You’re driving home from work when your phone rings. Your son wants to know if his girlfriend can stay for dinner. Your mind runs through what is in the refrigerator and the cupboards before you can offer your reply. “Of course!” you say.
In the 20 seconds it takes to perform these tasks – answering the phone, doing a memory scan of your kitchen and formulating a response – you’ve taken your mind off the hugely important task at hand: driving a multi-thousand-pound vehicle at a high rate of speed.
Daniel Willingham is a University of Virginia professor of psychology and the director of graduate studies in the Department of Psychology. He also writes regular commentaries on the cognitive science behind everyday life for the New York Times. His most recent is called “The High Price of Multitasking.”
Smartphones are in everyone’s hands and prove to be a big distraction. They provide unprecedented access to information and opportunities to multitask. Today any activity can be accompanied by music, selfies or social media updates.
Willingham said music is especially tempting to people, who may turn on some tunes to help alleviate the boredom of a task, like writing a term paper. Music also increases arousal, which helps you stay focused. But while a good distraction, he said it’s not the best thing to have on when driving.
Willingham talked with UVA Today about how technology makes it easier than ever to multitask and why we need to pay attention to how much – or how little – we are paying attention.
Q. What happens in the brain when people multitask?
A. When you multitask, your brain thinks it is doing two things at once.

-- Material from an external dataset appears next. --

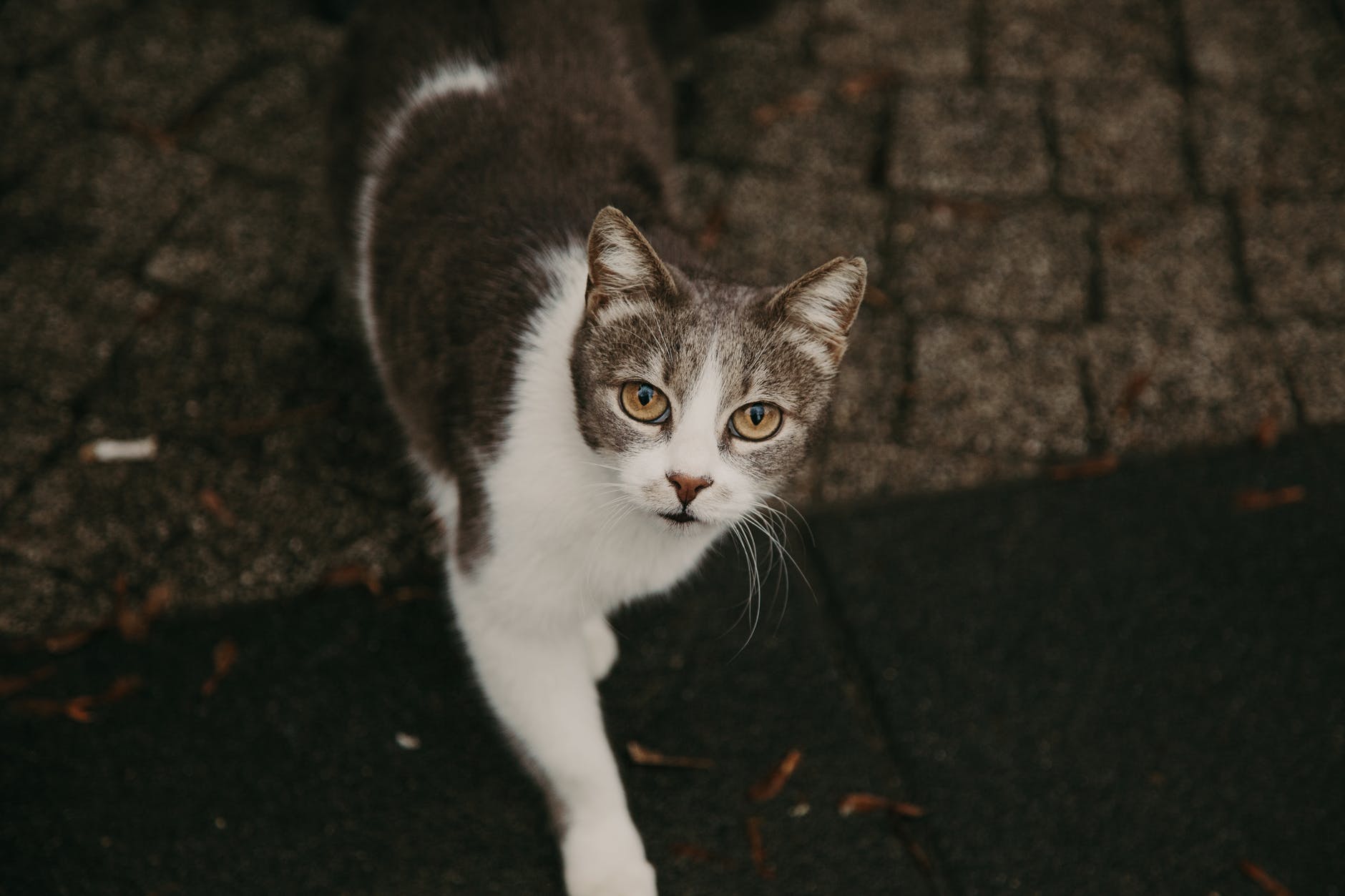 How Can You Tell If A Cat Is A Feral Cat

But you’re not.
Sometimes you are asking one mental process to do two things that are incompatible, like watching the road and watching your phone screen. But even when there’s not direct conflict, as when you talk on hands-free phone and drive, there’s still impairment. That’s because even though it feels as though you’re doing them simultaneously, you’re actually switching between the two tasks, and switching always carries a cost.
Q. Twenty states have enacted laws banning drivers from using handheld phones. Are hands-free devices safer than using a handheld device while driving?
A. The research here is very interesting. It finds that hands-free or hand-held phone activity impair driving equivalently; there is no difference. So these laws are not affecting the problem they are created to solve.
Q. What are some things people can do to lessen the risks that come with multitasking and being more in the moment?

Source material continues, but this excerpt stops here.